First the term “reboot” took over the way we talk about movies, and now it seems to be happening with TV: there are rumours that The Office will be retooled for its next season, but it’s being referred to as a “reboot,” thereby making it sound like a new concept. The plan doesn’t sound very new, though. Artistic considerations aside, The Office needs to stay around for at least one more year, maybe more, because it’s still the most popular comedy NBC has. It isn’t really working without Steve Carell (I think it can still be funny; it’s just sometimes hard to see what the show is supposed to be about now), and next year most of the remaining actors are going to need some time off for other projects. So the basic approach for the post-Carell years – try and shift the focus to the popular ensemble of supporting characters – may not even be sustainable for the next season. It may need an old-fashioned full-fledged re-tool, which means not only adding new characters but finding a new theme for the whole show.

Probably more interesting than what’s going to happen to The Office (which is not likely to get back to the level of seasons 2-5) is the question of what’s going to happen with that Dwight spin-off they’re planning: will it be the show’s Frasier, or the show’s Joey? Whatever happens, I sometimes think networks haven’t been aggressive enough in spinning off their popular comedies. Dramas are “franchised” all the time, but comedies try their damnedest to keep every character on the show for as long as possible. What we haven’t seen in a long time is what was known as the Fred Silverman approach: identify some popular supporting characters the show could get along without – Rhoda, Phyllis, The Jeffersons, Florida, Fish, Mrs. Garrett – and give them their own shows, which can be promoted via crossovers with the parent show.
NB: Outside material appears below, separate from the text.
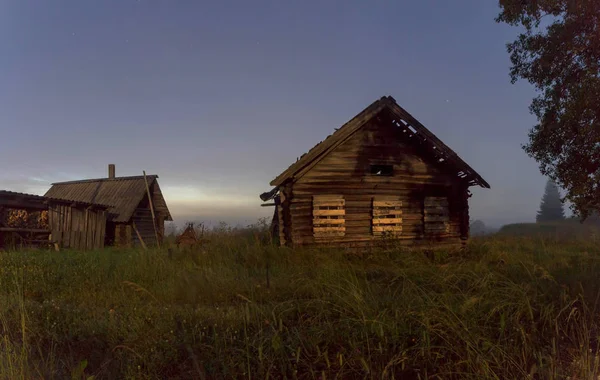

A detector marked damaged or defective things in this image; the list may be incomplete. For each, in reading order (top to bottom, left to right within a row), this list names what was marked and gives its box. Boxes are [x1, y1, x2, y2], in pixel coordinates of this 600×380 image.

damaged roof [270, 95, 490, 189]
This isn’t done much now, and it certainly makes sense that it isn’t done much: nobody wants to risk wrecking a show by taking a popular supporting character away. (Back when hit shows had bigger audiences, the risk may not have been as great. Even if Rhoda’s departure lost Mary Tyler Moore a few ratings points – and it did lose a few, maybe not necessarily because Rhoda was gone – it was still huge. Today, for even popular shows, there aren’t that many points separating them from a failure; they need to keep all the ratings they can.) But it’s so hard to create a popular comedy that the advantages of spinning off a character might outweigh the disadvantages at this point.

The time to do it, though, is when the parent show is still big. So the appropriate time for an Office spinoff was probably a few years ago, when the network asked for one, but the producers were unable to find a spinoff idea, creating the original Parks & Recreation instead. We benefited from that decision, but it was sensible of the network to ask for a spinoff when the show was at its peak. And I think it might make sense for other shows.

So what are some current comedies that you think should (or at least could) spin off some supporting characters into their own shows without ruining the original show? My suggestion a few weeks ago was Big Bang Theory‘s Mayim Bialik and Melissa Rauch. They’re popular, they already have a lot of scenes together, and since they joined the show in mid-run, there’s no question that it could go on without them. The network has never been able to come up with a decent time slot companion for that show, so why not pull a Silverman? (Silverman himself once said something to the effect that if he were still running ABC, he’d have spun off Cam and Mitchell from Modern Family.)